Columna: El Quinto Patio
Fábulas de un gallinero
/Por Carolina Vásquez Araya/
Era la más suculenta y todos querían apoderarse de ella. Era la gallina de los huevos de oro.
Entre errores y palos de ciego, el virus invisible y mortífero se fue deslizando, sin mayores obstáculos, por todos los resquicios de este enorme patio de gallineros en donde vivimos, gracias a la oportuna confusión de los ignorantes mandamases del lugar. Digamos que están confusos ante este enemigo que nadie logra capturar, porque afirmar que lo hayan introducido a propósito –aunque algo de eso se rumora en algunos círculos- constituye una afrenta contra el buen espíritu y la transparente conciencia de los amos del planeta, lo cual ha sido aclarado ante los medios en un tono de justa indignación. En fin, el asunto es que ahora ya nadie está fuera de peligro. El bicho innombrable logró introducirse sin mayor problema hasta en las cortes celestiales y mandó a la cama a príncipes y ministros, pero también a millones de aves menos afortunadas.
El gallo más altanero e impertinente aprovechó su gran influencia y, aunque la prensa no le soporta sus arrebatos, consiguió suficiente audiencia para emitir con absoluta seguridad toda clase de hipótesis, a cual más descabellada. Comenzó afirmando su convencimiento de tener información fidedigna sobre el origen del mal y luego prometió una vacuna “exprés” para antes de fin de año. Es decir el bicho, según este arrogante plumífero, tenía su origen en un gallinero enemigo por allá muy lejos de sus territorios. Después lo negó, pero el daño ya estaba hecho y todos repitieron el cuento hasta cansarse, a pesar de los esfuerzos de otros gallos más sabios para detener especulaciones peligrosas y la maledicencia de las cortes. Sin embargo, poco a poco y en una confusión absoluta, los gallitos menores comenzaron a repetir las consignas del gallo mayor y en todos los gallineros reinó una total confusión porque nadie sabía con certeza cuál era el camino a seguir.
A todo esto, las pobres aves habitantes de los niveles inferiores de los gallineros, comenzaron a darse cuenta de que pasaba el tiempo y nadie sabía con certeza qué hacer para parar los contagios y salvarse de morir asfixiadas. Las encerraron, separaron a las contagiadas, ordenaron el confinamiento con horarios estrictos, las obligaron a cubrirse el pico y les impidieron salir a comer. Nada de eso funcionó y, entonces, preocupados los mandamases por la pérdida de ingresos, relajaron las restricciones pero sin haber investigado si servían de algo o no. En fin, que pasaron los meses y no había manera de saber cómo manejar la crisis.
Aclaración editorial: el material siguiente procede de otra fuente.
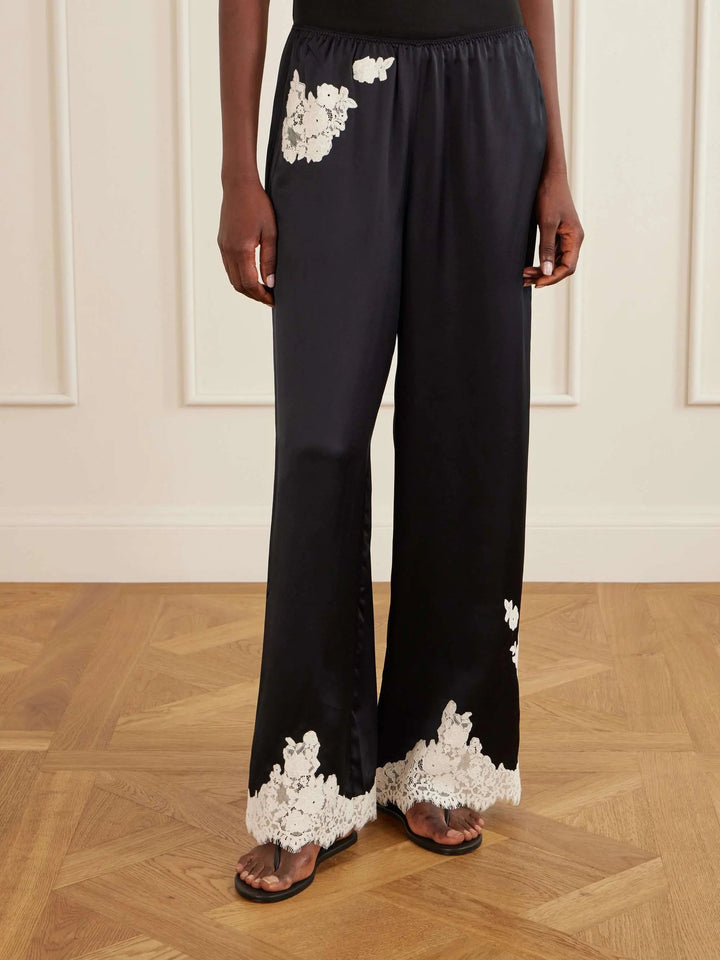 Silk wide-leg pants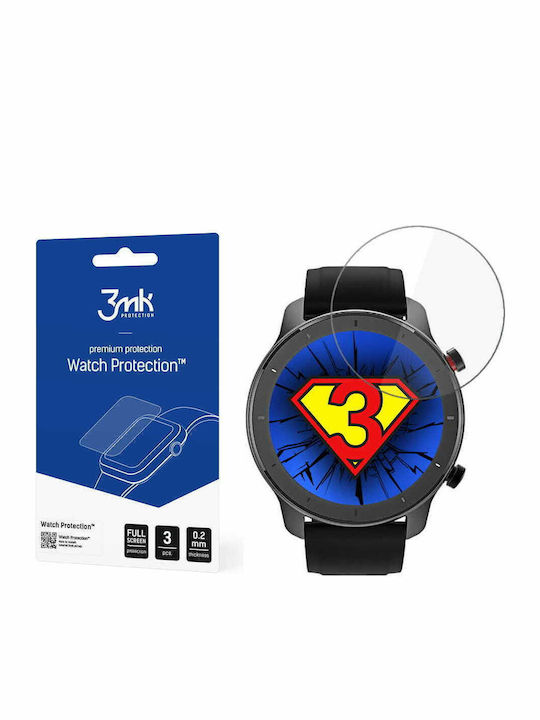 3MK Watch ARC Закалено стъкло за Amazfit GTR 42mm - Амазфит GTR 42мм 3бр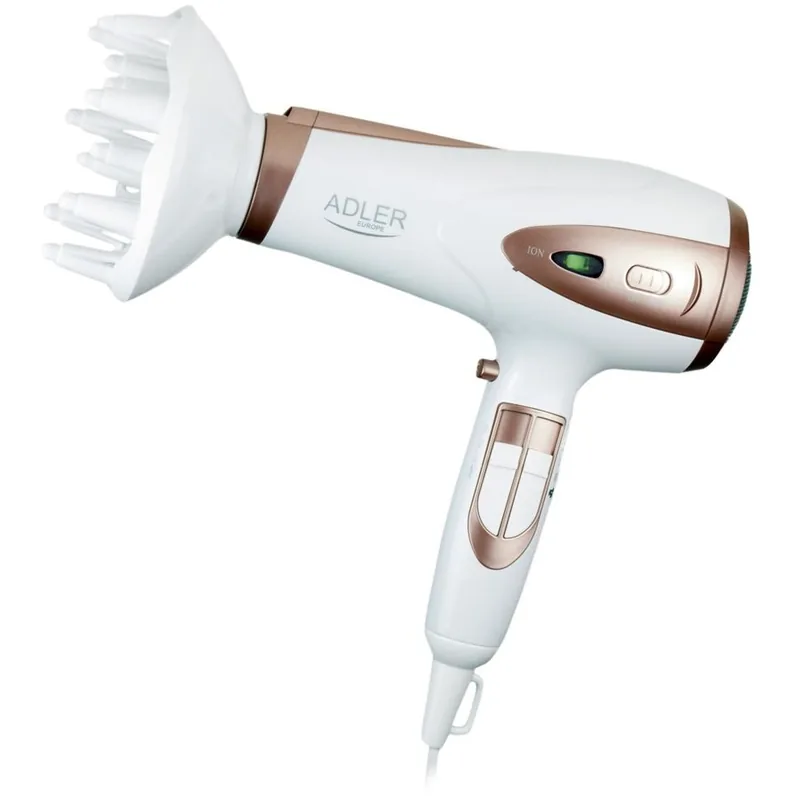 Adler AD 2248 2200W Ionizare Alb - imagine 2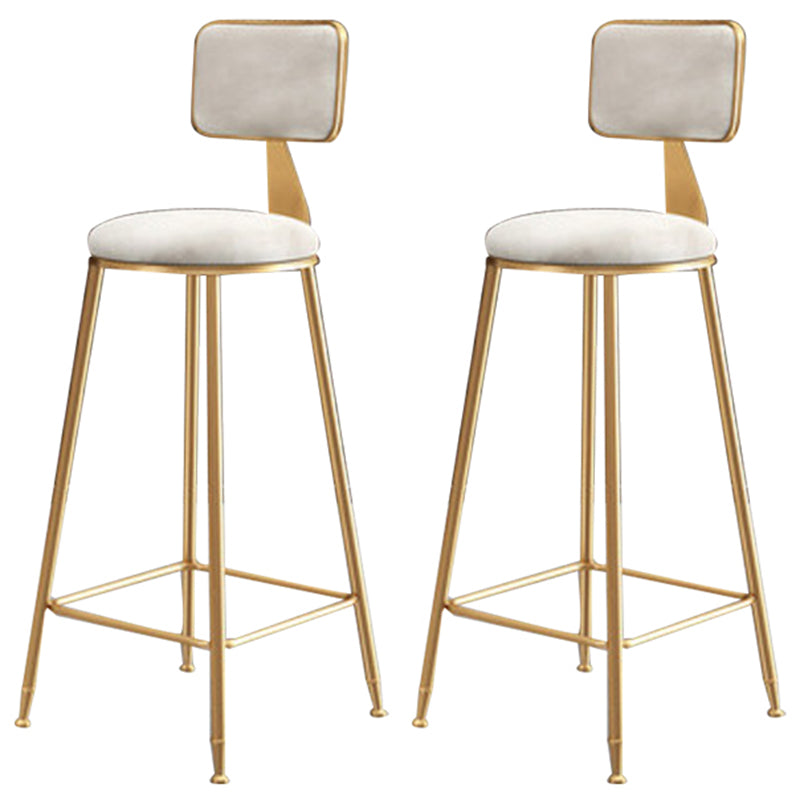 Glam – tabouret de comptoir sans accoudoirs, tabouret de bar en fer avec coussin en daim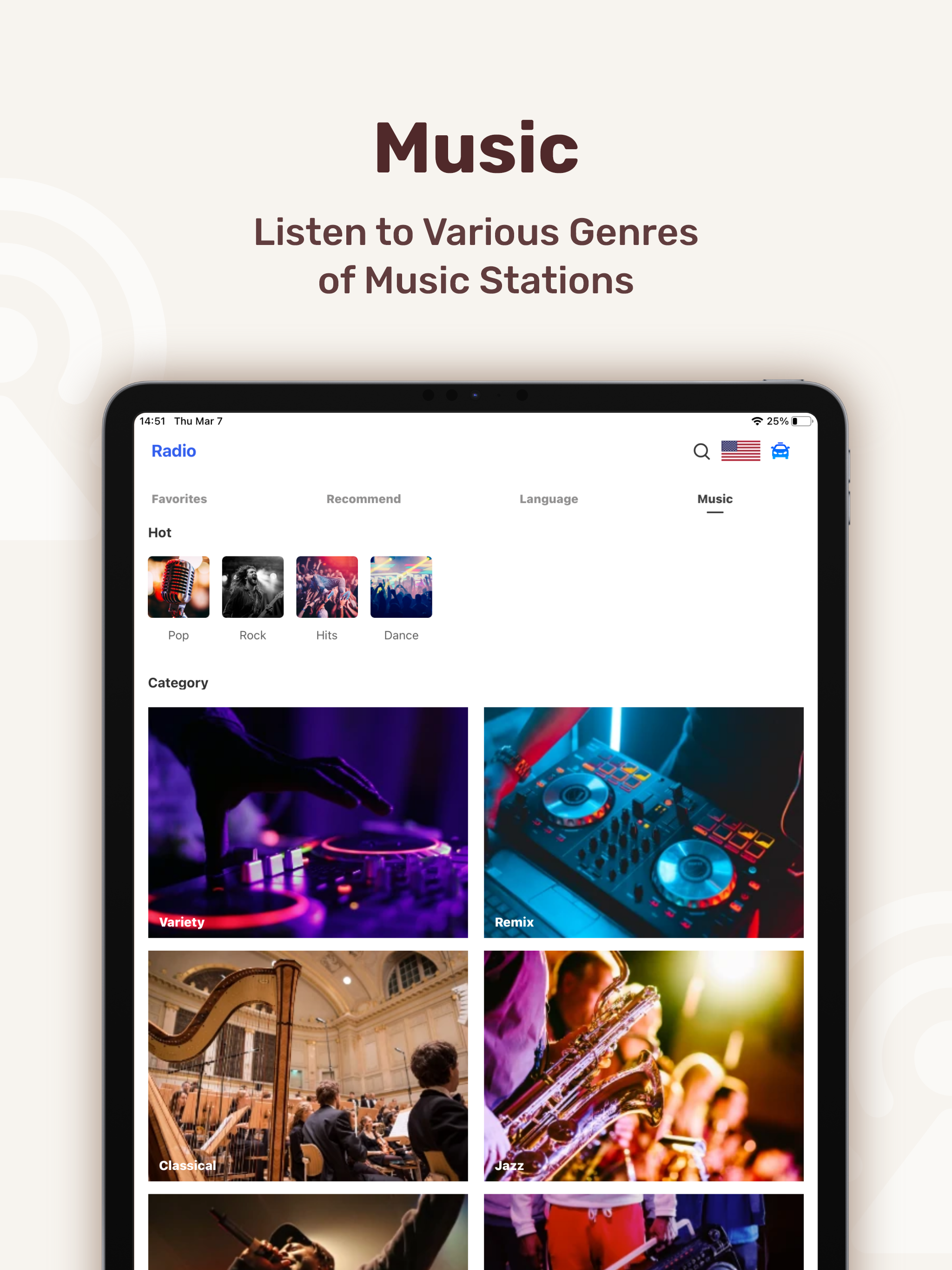 Podcasts Music Radio FM: Podio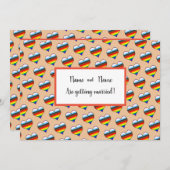 レインボーハート招待状 招待状 (正面/裏面)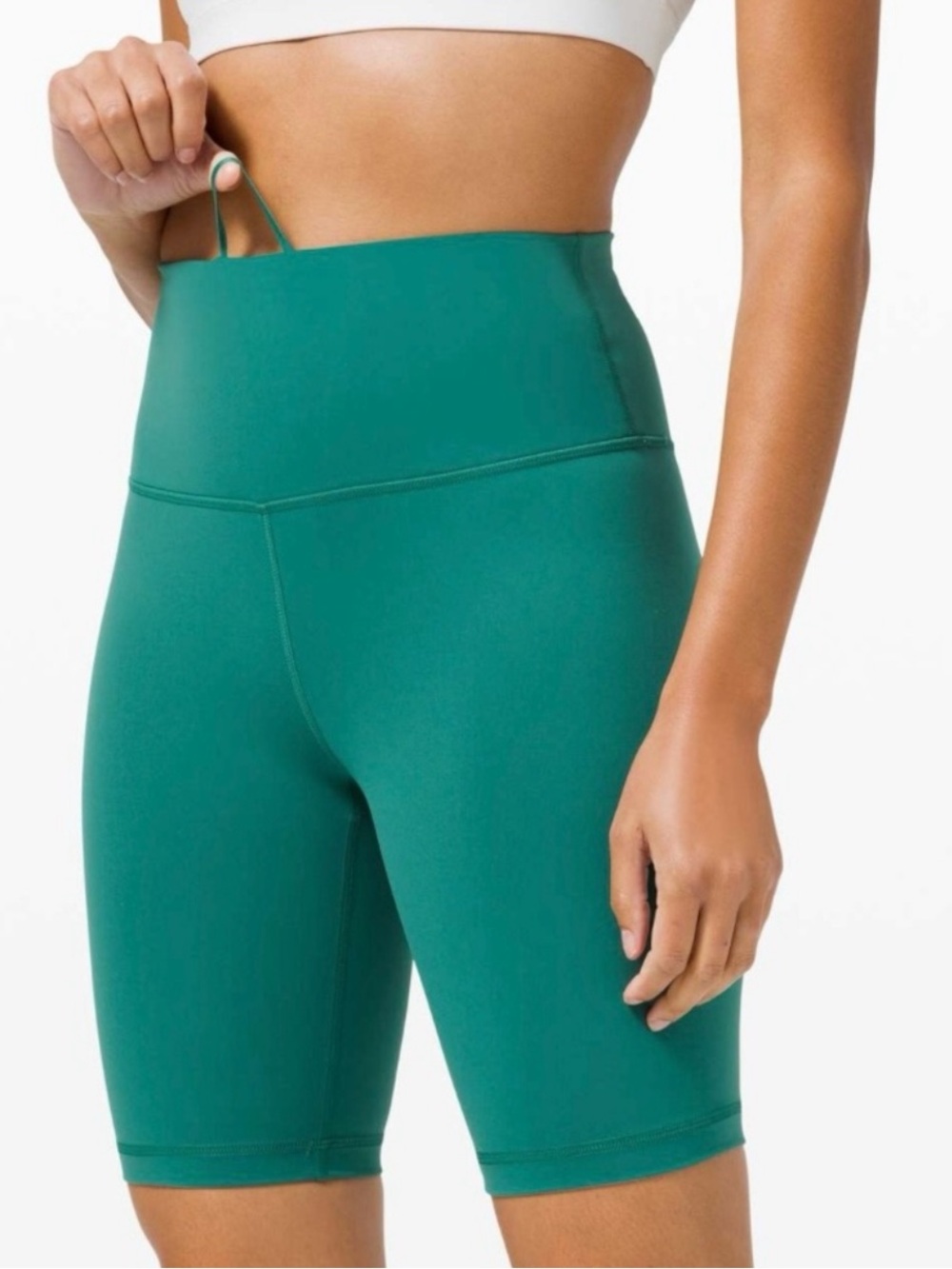 Lululemon Wunder Train High Rise Short 8" Teal Lagoon Size 10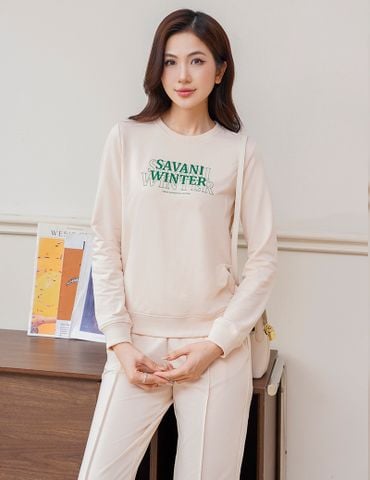 Bộ nỉ cổ tròn nữ WBK010W4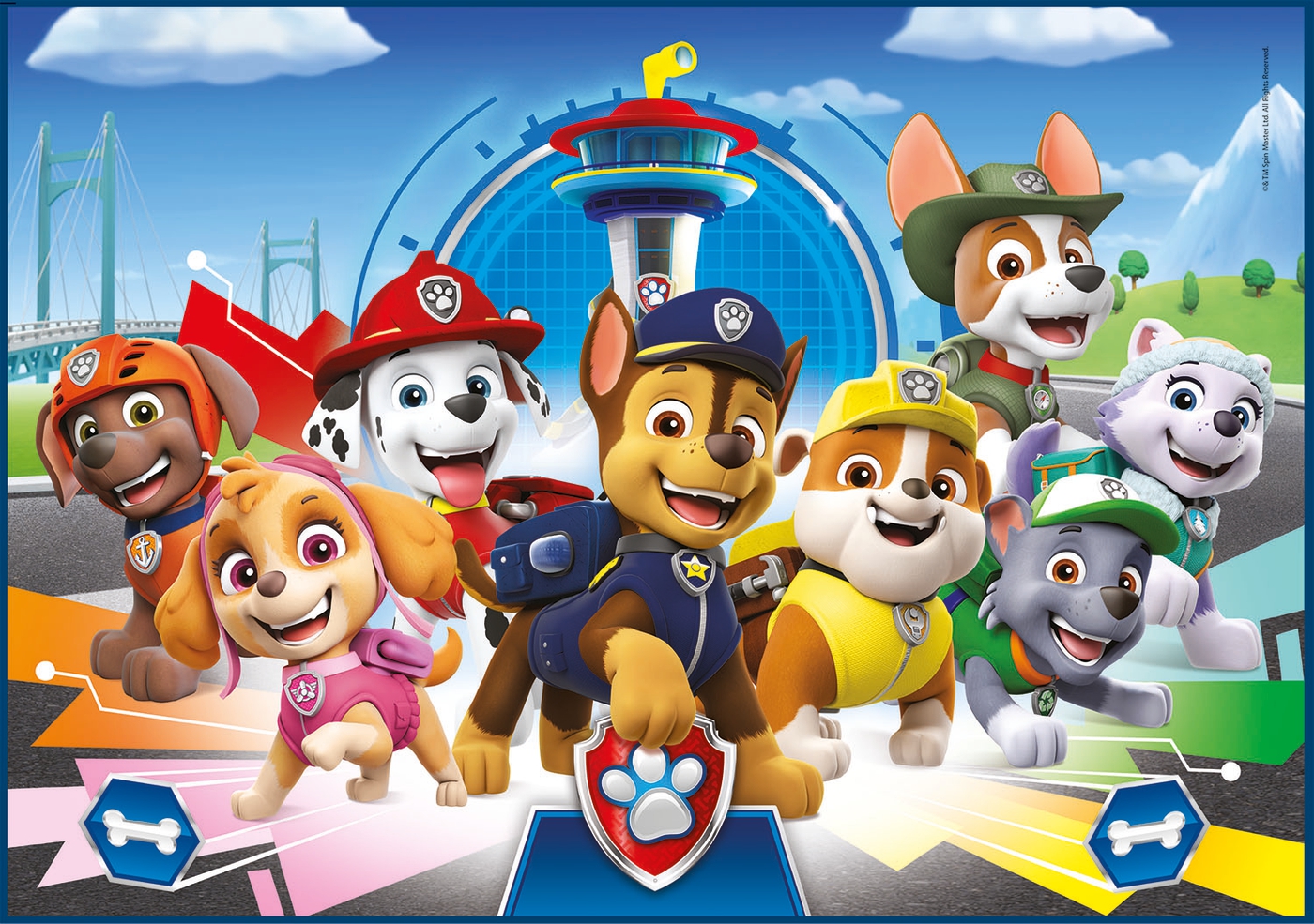 Paw Patrol - 30 pcs - Supercolor Puzzle - Clementoni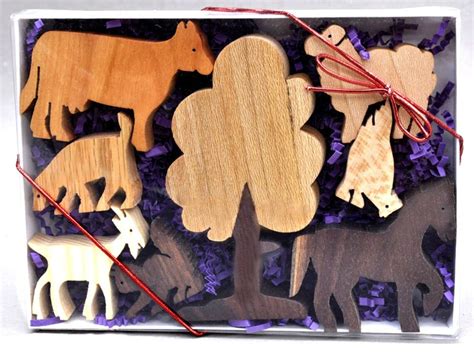 Farm Animal Play Set Wooden Block Toys for Children Kids - Etsy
A todo esto, los más ricos y poderosos empezaron a perseguir a la gallina de los huevos de oro: la vacuna. Conscientes de la importancia de esa faena, no dudaron ni un instante en establecer tratos e iniciar conciliábulos para negociar los beneficios más ventajosos de esa prometedora empresa. Que siguieran cayendo los pollitos y las ponedoras no representó preocupación alguna para estos grandes emprendedores, quienes vieron en la fabricación de la vacuna el negocio del siglo y decidieron agenciarse la exclusividad y, por supuesto, con ella los enormes beneficios de este posible y trascendental descubrimiento.
En fin, la vacuna inexistente ya ha causado revuelo de plumas por aquí y por allá con la promesa de una inmunidad no garantizada y la cual ¡qué duda cabe! será tan cara como para resultar inaccesible a las capas pobres. Así las cosas, es fácil deducir cómo serán los meses futuros y quizá los años venideros mientras los gallos más gallos se siguen recetando todos los privilegios gracias a que tienen -y siempre han tenido- la sartén por el mango.
Las capas más pobres serán siempre las más desprotegidas.